Software is making it easier than ever to travel through space, but autonomous technologies could backfire if every glitch and error isn’t removed.
When SpaceX’s Crew Dragon took NASA astronauts to the ISS near the end of May, the launch brought back a familiar sight. For the first time since the space shuttle was retired, American rockets were launching from American soil to take Americans into space.
Inside the vehicle, however, things couldn’t have looked more different. Gone was the sprawling dashboard of lights and switches and knobs that once dominated the space shuttle’s interior. All of it was replaced with a futuristic console of multiple large touch screens that cycle through a variety of displays. Behind those screens, the vehicle is run by software that’s designed to get into space and navigate to the space station completely autonomously.
[...] But over-relying on software and autonomous systems in spaceflight creates new opportunities for problems to arise. That’s especially a concern for many of the space industry’s new contenders, who aren’t necessarily used to the kind of aggressive and comprehensive testing needed to weed out problems in software and are still trying to strike a good balance between automation and manual control.

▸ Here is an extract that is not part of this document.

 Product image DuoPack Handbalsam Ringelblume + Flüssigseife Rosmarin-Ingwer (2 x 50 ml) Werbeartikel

Nowadays, a few errors in over one million lines of code could spell the difference between mission success and mission failure. We saw that late last year, when Boeing’s Starliner capsule (the other vehicle NASA is counting on to send American astronauts into space) failed to make it to the ISS because of a glitch in its internal timer.

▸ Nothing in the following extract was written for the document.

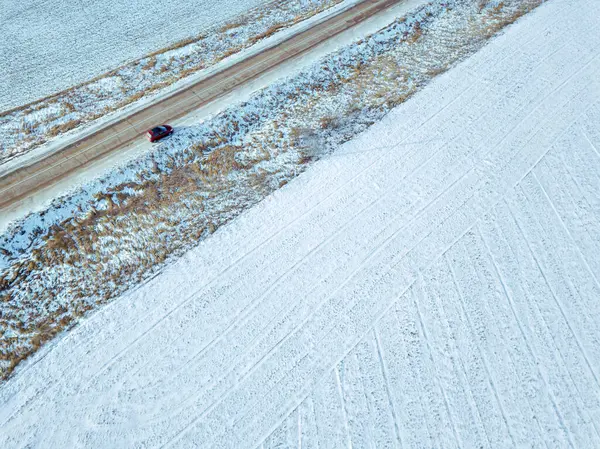 Russland Moskauer Gebiet Luftaufnahme Des Autos Der Winterlandschaft — Stockfoto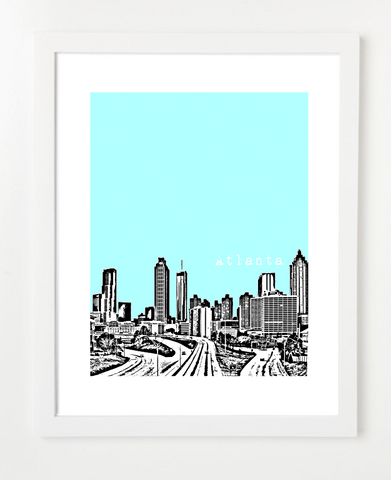 Atlanta Georgia Skyline Art Print and Poster | By BirdAve Posters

[...] There’s no consensus on how much further the human role in spaceflight will—or should—shrink. Uitenbroek thinks trying to develop software that can account for every possible contingency is simply impractical, especially when you have deadlines to make.
Chang Díaz disagrees, saying the world is shifting “to a point where eventually the human is going to be taken out of the equation.”
Which approach wins out may depend on the level of success achieved by the different parties sending people into space. NASA has no intention of taking humans out of the equation, but if commercial companies find they have an easier time minimising the human pilot’s role and letting the AI take charge, than[sic] touch screens and pilot-less flight to the ISS are only a taste of what’s to come.
Which approach, do you think, is the best way to go forward ??
(Score: 2) by driverless on Saturday July 04 2020, @01:05AM (3 children)
Read the book "Digital Apollo", which goes into this in great detail. It was recognised even half a century ago, with the relatively primitive control systems available at the time, that spacecraft control was beyond the capabilities of humans. The Soviets put this into practice and automated as much as possible. The US, who had to deal with macho test pilots who were used to running the show, tried to provide the illusion of pilot/astronaut control while automating as much as they could behind the scenes, in a battle that stretched for years.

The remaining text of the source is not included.